DiGA and Study Data Extraction and Processing

This repository contains scripts for extracting, processing, and crawling data related to DiGA (Digitale Gesundheitsanwendung) and study data. The scripts are:

Installation

Clone the repository:

git clone https://github.com/suriija/digaCrawler.git
cd digaCrawler

Install the required dependencies:

pip install pandas  
pip install sqlite3
pip install selenium 
pip install pandas
pip install sqlite
pip install webdriver-manager

Usage

study_data_extraction_and_transformation.py

This script is used for extracting and transforming study data from Excel files.

Ensure your Excel files are named and formatted correctly.
Modify the excel_file_path and sheet_name variables in the script to match your file and sheet names.

Run the script:

python study_data_extraction_and_transformation.py

diga_data_extraction_and_processing.py

This script is used for extracting and processing DiGA data and importing it into an SQLite database.

Ensure your Excel files are named and formatted correctly.
Modify the excel_file, sheet_name, database_file, and other relevant variables in the script to match your files and database.

Run the script:

python diga_data_extraction_and_processing.py

Crawling-selenium-version2.ipynb

This script is designed to scrape information from a DiGA (Digitale Gesundheitsanwendung) website using Selenium. It extracts data related to various health apps and their details.

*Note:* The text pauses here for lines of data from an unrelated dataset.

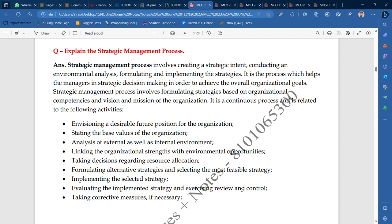The seventh activity is evaluating the implemented strategy and exercising review and control. When you implement a strategy, the work is not finished — the actual work is just starting. You have to control the work, especially for the long term. You must review and control your work continuously. The eighth and last activity is taking corrective measures if necessary — if corrections are needed, you take them.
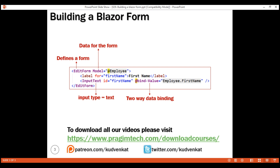This means on form load, the value in the FirstName property of the employee object is displayed in the input element, and if we make a change to the first name by changing the value in the input element, the employee.FirstName property in the component class is automatically updated with the changed value.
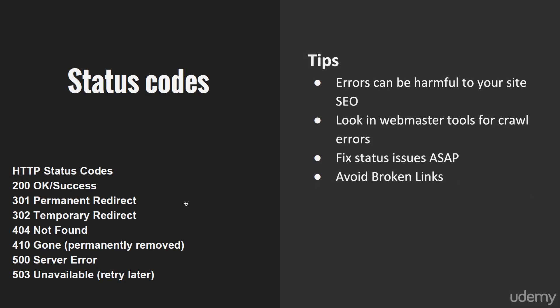In this lesson, I want to talk about status codes. There are a number of status codes that get returned depending on what happens with the website. A 200 code means it's okay, returned successfully. 404 is not found, which you might see typically.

Chrome and ChromeDriver Issues

The Chrome and Chromedriver versions have to be compatible for Selenium to operate without errors. You need to find a driver version in latest_release_url, which is available at 'https://github.com/GoogleChromeLabs/chrome-for-testing#json-api-endpoints', that is compatible with your current Chrome version, then specify the latest_release_url and driver_version parameters in:

driver = webdriver.Chrome(service=ChromeService(ChromeDriverManager(
    latest_release_url='https://googlechromelabs.github.io/chrome-for-testing/last-known-good-versions-with-downloads.json',
    driver_version='124.0.6367.91').install()), options=options)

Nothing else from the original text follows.